«La soledad no hace acepción de personas: entra en el palacio y en la choza», ha dicho un autor cristiano. Es cierto. Mucha gente padece y sufre por su soledad – a veces una soledad crónica y depresiva. En su soledad, muchos han visto hundirse sus vidas. Sin embargo, muchos también, en su soledad, han buscado a Dios y le han hallado.

Es que la soledad aparta al hombre del ruido, del tráfago incesante, y le permite escuchar a Dios. Porque el ruido suele interferir entre el corazón y Dios. Un sabio antiguo decía: «Excusa cuanto pudieres el ruido de los hombres, que de verdad mucho estorba el tratar de las cosas del siglo». Hay afán y fatiga en el mundo que nos rodea.

Para los hijos de Dios, la soledad también es necesaria. «A menos que salgas del mundo, donde la voluntad propia y el placer personal reinan, nunca podrás vivir la vida en que el creyente busca solo ser un sacrificio agradable a la voluntad de Dios», ha dicho Andrés Murray.
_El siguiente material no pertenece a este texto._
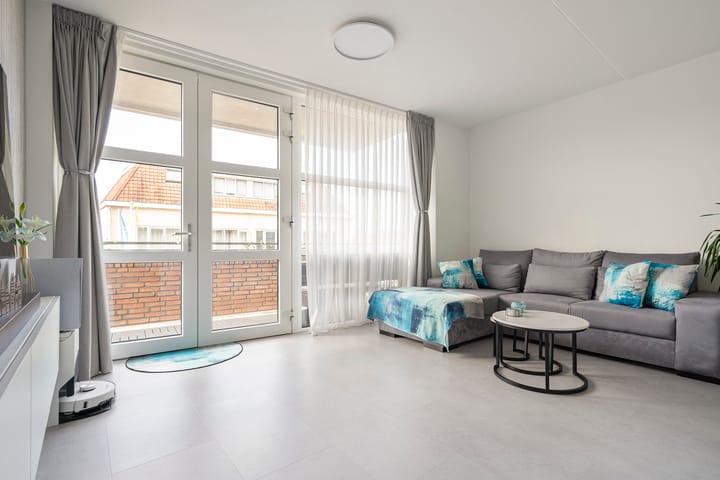 Foto 9 van Zuideinde 74-S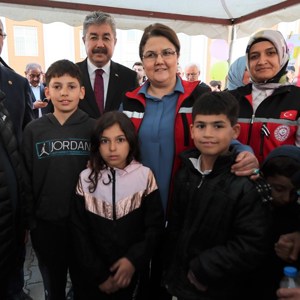 Aile ve Sosyal Hizmetler Bakanımız Derya Yanık Osmaniye'de Ziyaretlerde Bulundu - fotoğraf 17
Esa soledad es como «ir al desierto». Allí se desnudan los móviles mezquinos del alma, y se conoce la voluntad de Dios. La expresión «el desierto» es usada en muchas ocasiones en las Escrituras, no como un lugar físico, sino como una circunstancia de la vida en la cual hay soledad, tristeza y dolor. Allí no hay vanidades que atrapen el corazón. Allí se está solo con Dios y con sí mismo.

Por ejemplo, en el libro de Oseas, el Señor le habla a Israel como un marido a su mujer. Aunque ella le había sido infiel, él todavía quería hablarle con ternura: «La atraeré y la llevaré al desierto, y hablaré a su corazón» (2:14). Él esperaba que en el desierto pudiera reencontrarse con el corazón de su amada.

En las Escrituras encontramos a muchos siervos de Dios que fueron llevados por Dios a la soledad, porque allí él les quería hablar al corazón. Moisés fue uno de ellos; David fue otro; Pablo también estuvo allí. En el silencio, en la quietud, lejos del mundanal ruido, Dios les habló, y ellos aprendieron las lecciones más importantes de su vida. «Solo en el silencio, el corazón puede esperar y escuchar a Dios», dice G. Campbell Morgan.

Muchos temen a la soledad, porque le temen a Dios y temen su juicio. Sin embargo, ¿no tenemos nosotros paz con Dios? ¿No conocemos nosotros a Dios, quien es nuestro Padre? En la soledad crecemos en profundidad, como cuando un árbol echa raíces para luego resistir el vendaval. Luego de estar allí, en el silencio, el tiempo preciso; luego de crecer en el conocimiento de nosotros mismos y en el conocimiento de Dios, podremos volver, un poco más sabios, algo más crecidos, y con renovadas fuerzas, para seguir avanzando en el camino de la fe.

Por tanto, la soledad –como la tristeza– es una ocasión para crecer en Dios, para esperar en él, para que se forme en nosotros el dulce y precioso carácter de nuestro amado Señor Jesucristo. Así que, la soledad no debe ser tanto «vencida», sino «aprovechada», para la gloria de Dios.